- Problem
Starting at the line that holds "First Field Release", reproduce each line exactly up to and including the last line of the records below. Pictures stay out.

- Data items
>>

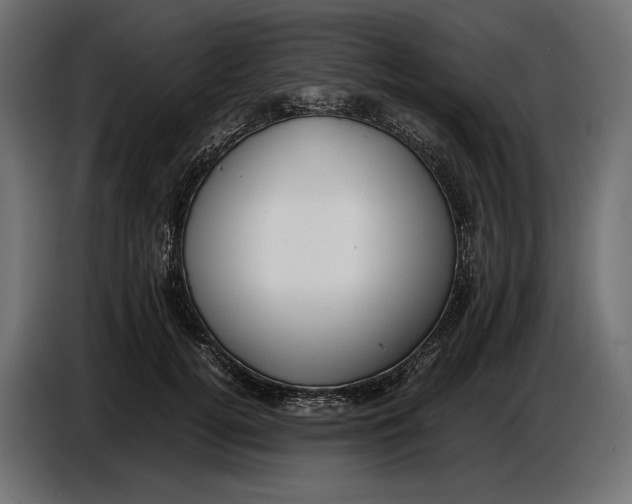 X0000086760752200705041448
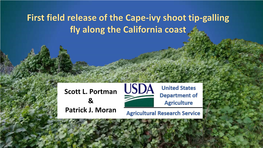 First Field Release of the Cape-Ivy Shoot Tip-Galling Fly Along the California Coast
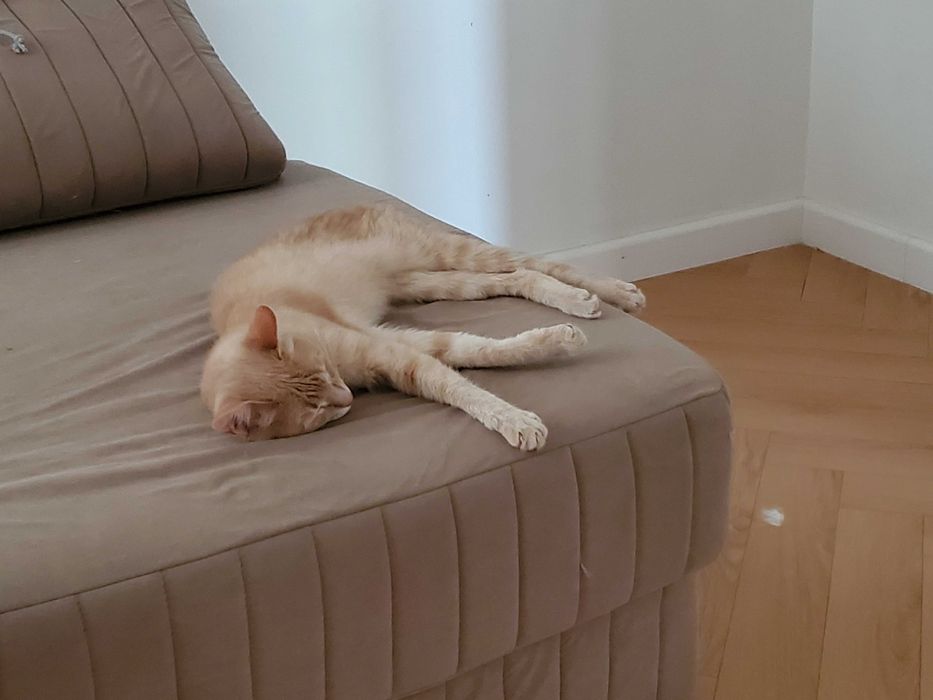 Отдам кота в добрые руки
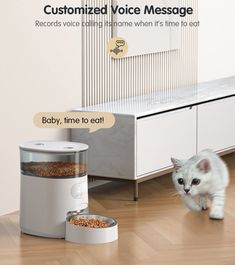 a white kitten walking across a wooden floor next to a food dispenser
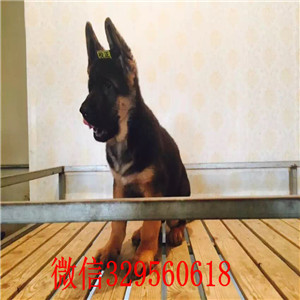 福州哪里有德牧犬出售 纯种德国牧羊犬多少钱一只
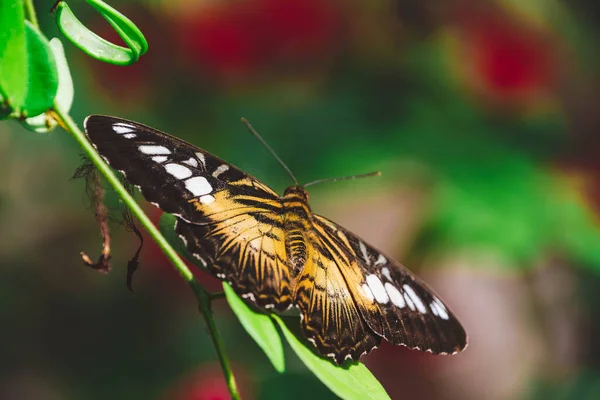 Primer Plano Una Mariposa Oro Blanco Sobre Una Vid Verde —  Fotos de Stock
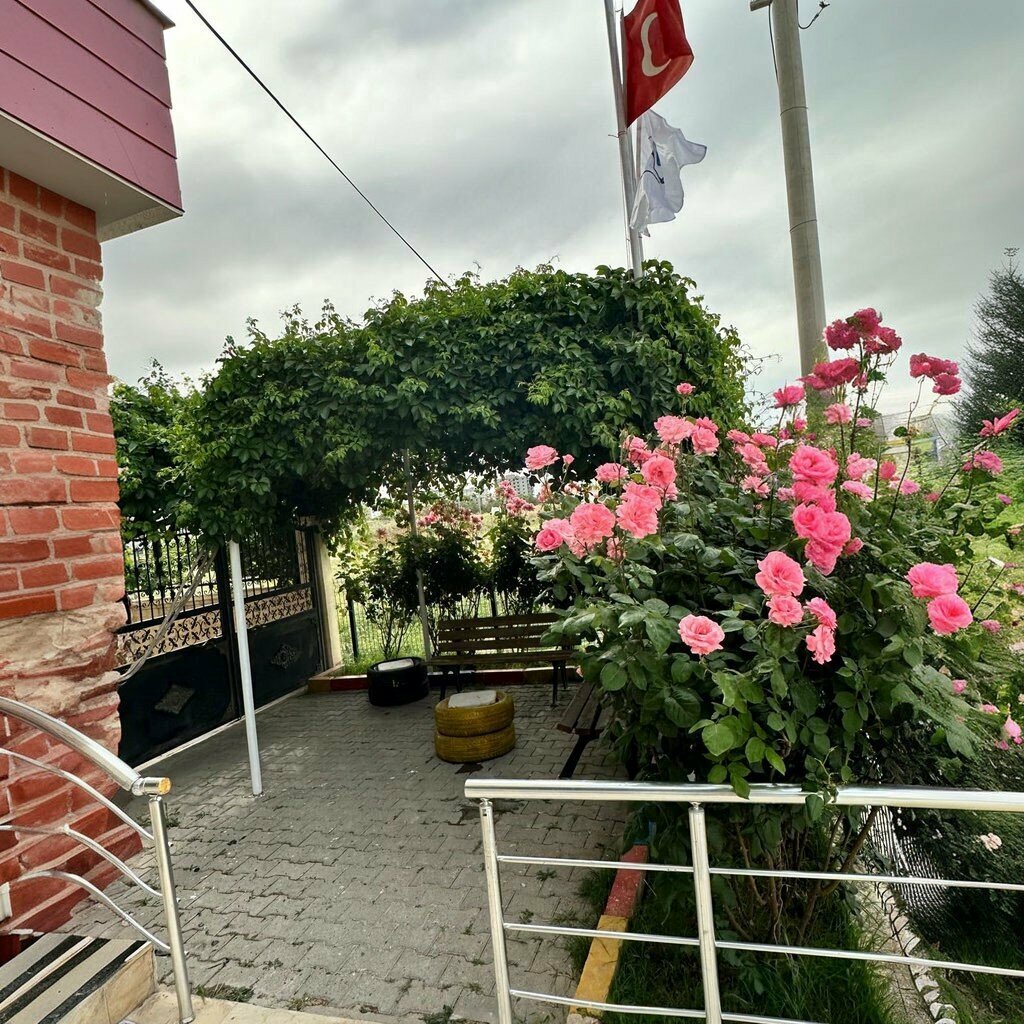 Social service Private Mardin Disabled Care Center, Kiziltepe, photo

<<

- Expected output
 First Field Release of the Cape-Ivy Shoot Tip-Galling Fly Along the California Coast
 Отдам кота в добрые руки
 a white kitten walking across a wooden floor next to a food dispenser
 福州哪里有德牧犬出售 纯种德国牧羊犬多少钱一只
 Primer Plano Una Mariposa Oro Blanco Sobre Una Vid Verde —  Fotos de Stock
 Social service Private Mardin Disabled Care Center, Kiziltepe, photo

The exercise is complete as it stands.